Such transactions require prior approval by a special governmental commission in accordance with the Foreign Strategic Investments Law, and the merger control review of those cases is suspended until the strategic clearance is granted, which, by statute, may take up to six months but in practice may take even longer. The FAS, as the governmental body authorised to oversee foreign investments in Russia, reviews the strategic filing, takes some preparatory steps and forwards the case, together with its recommendations, for review by the governmental commission, which is the final decision-maker. The preparatory steps include obtaining advisory opinions from the Federal Security Service, the Ministry of Defence and, at the FAS’s discretion and depending on the case in hand, from the relevant industry authority.

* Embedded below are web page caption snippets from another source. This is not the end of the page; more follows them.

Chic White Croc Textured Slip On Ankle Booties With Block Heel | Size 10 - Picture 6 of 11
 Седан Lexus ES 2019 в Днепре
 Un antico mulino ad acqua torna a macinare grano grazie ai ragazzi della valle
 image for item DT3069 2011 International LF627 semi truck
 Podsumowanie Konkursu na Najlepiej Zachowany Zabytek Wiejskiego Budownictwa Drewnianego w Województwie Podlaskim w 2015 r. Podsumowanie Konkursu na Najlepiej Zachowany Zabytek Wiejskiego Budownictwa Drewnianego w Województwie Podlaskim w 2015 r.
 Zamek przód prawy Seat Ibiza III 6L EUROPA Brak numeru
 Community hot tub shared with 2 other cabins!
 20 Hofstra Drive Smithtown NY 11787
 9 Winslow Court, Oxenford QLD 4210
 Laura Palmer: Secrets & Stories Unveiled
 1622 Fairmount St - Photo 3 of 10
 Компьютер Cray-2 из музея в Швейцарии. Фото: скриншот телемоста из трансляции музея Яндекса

In 2017, changes were introduced to Russian foreign investments regime, which gave the Russian authorities a very wide discretion in determining whether a transaction requires a foreign investment filing or not. Under those new rules, the Chairman of the Government Commission, which post is held by the Prime Minister by virtue of his or her office, has the statutory right to decide, in order to ensure the defence of the country and the security of the state, that any transaction made by a foreign investor in relation to a Russian company, requires a strategic filing. We are not aware of any cases where the new rule was applied in 2018, and think that such decisions would be taken rarely and in extraordinary circumstances only – Russian foreign investment law is so comprehensive and covers such a wide range of transactions that the Chairman of the Government Commission would not, in most cases, exercise his discretion.

Generally, public interest seems to be taking on increased importance in merger control review. A notable example in this respect is the Bayer/Monsanto deal, where the FAS required that Bayer should transfer certain technologies in the area of seeds breeding and digital farming to Russian companies and give them access to its data bank, so that they could compete with foreign companies on equal terms – the case is very important, and we will say more about it later. It is noteworthy that, following the issuance of conditional clearance in relation to the Bayer/Monsanto transaction, the FAS announced that it would require Syngenta and DuPont, which in 2016 and 2017 entered into transactions relevant to the Russian seeds markets that had been unconditionally cleared by the FAS (Dow Chemical/DuPont deal and ChemChina/Syngenta deal), to work in Russia on conditions similar to those imposed on Bayer.

GTDT: Have there been any developments in the kinds of evidence that the authorities in your jurisdiction review in assessing mergers?

AV & OK: As regards highly complicated cases involving new business models comprising innovative technologies, we understand from the Bayer/Monsanto case that the authority is prepared to conduct deep economic analysis using new approaches to defining and assessing markets and structuring remedies. We further understand that, in order to implement such new approaches, the authority is ready to cooperate closely with other relevant governmental authorities, scientific and business communities and antimonopoly authorities of other countries.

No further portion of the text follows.